Does AI-generated Code Need to Be Tested?

AI-powered tools for writing code, such as GitHub Copilot [1], are increasingly popular in software development. These tools promise to boost productivity, but some also claim that they democratize programming by allowing non-programmers to write applications.

But how do we actually know whether the code written by an AI tool is fit for purpose?

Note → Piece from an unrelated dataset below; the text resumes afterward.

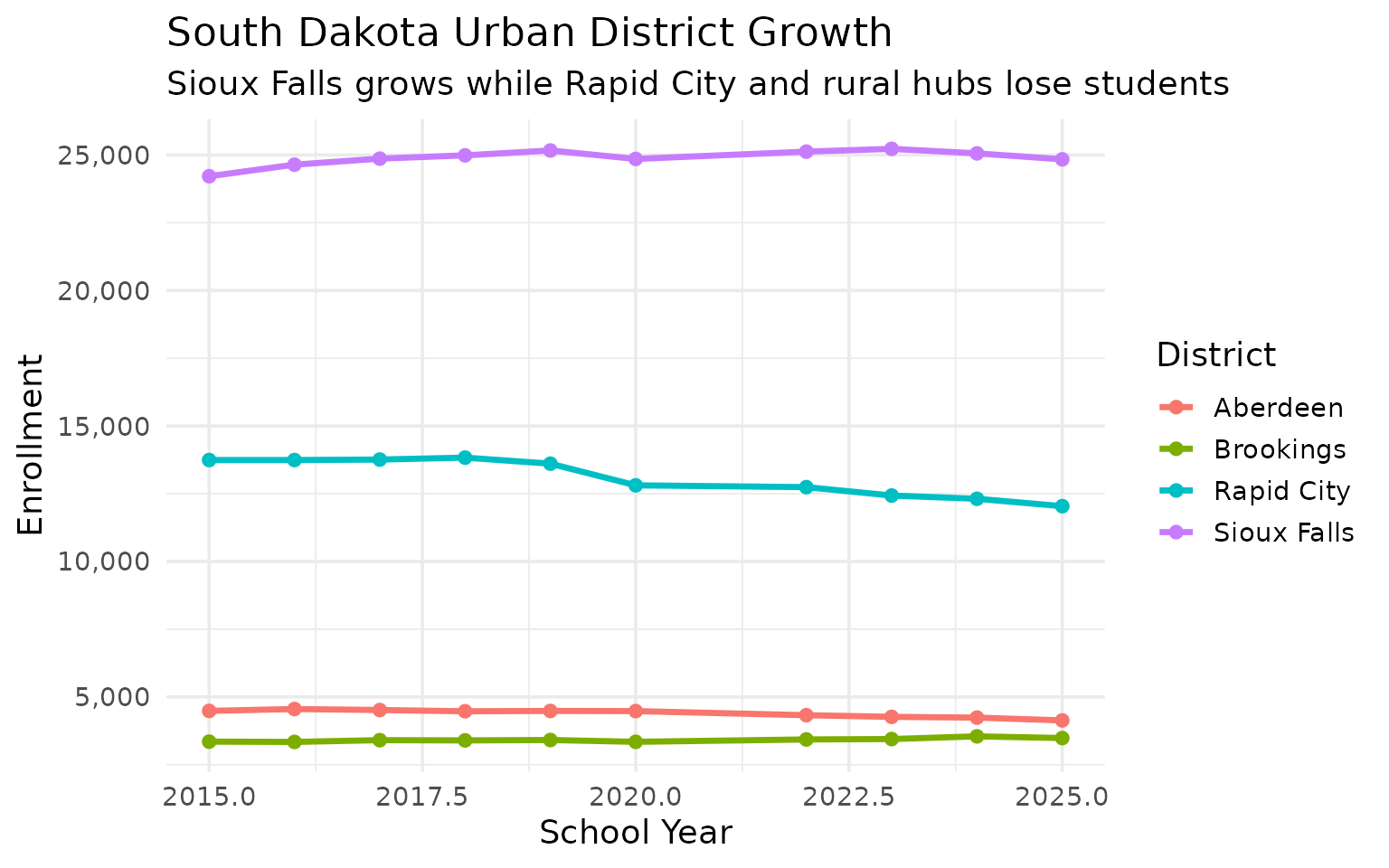 Urban growth chart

In the following you are going to learn what “fit for purpose” even means and what tools you can use to assess it. We will see that AI-powered tools for writing code cannot guarantee anything regarding the functional correctness and security of the code they suggest. However, we will also see that there are actually AI tools, such as Diffblue Cover, that can support you in answering the above question.

Stepping back in time

It’s worthwhile to begin by stepping back in history a bit, because this question is not unfamiliar at all: we’ve always had to ask ourselves how do we actually know that code written by humans is fit for purpose? People have been scratching their head for decades to find solutions for this fundamental problem in software engineering.

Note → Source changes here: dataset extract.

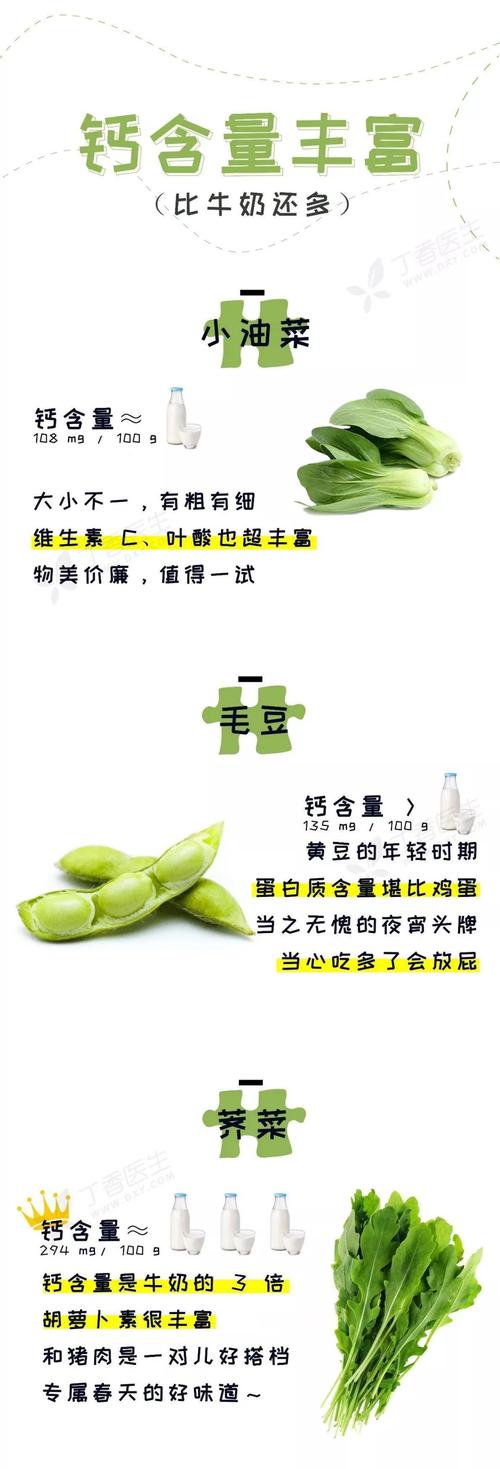 关于蔬菜的谚语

From the earliest days of programmable computer systems, engineers had nasty surprises when programs did not do what they intended. Back then trial and error cycles to get programs right were very expensive. Low-level code needed to be handcrafted and punched into cards. The main countermeasure to unnecessary cycles was code review [2]. Code review means that an expert reads and tries to understand what the code does in order to flag mistakes and give improvement suggestions - a successful technique that continues to be widely practiced today. However, the effectiveness of reviews and the effort to conduct them thoroughly decreases dramatically with the size and complexity of the programs.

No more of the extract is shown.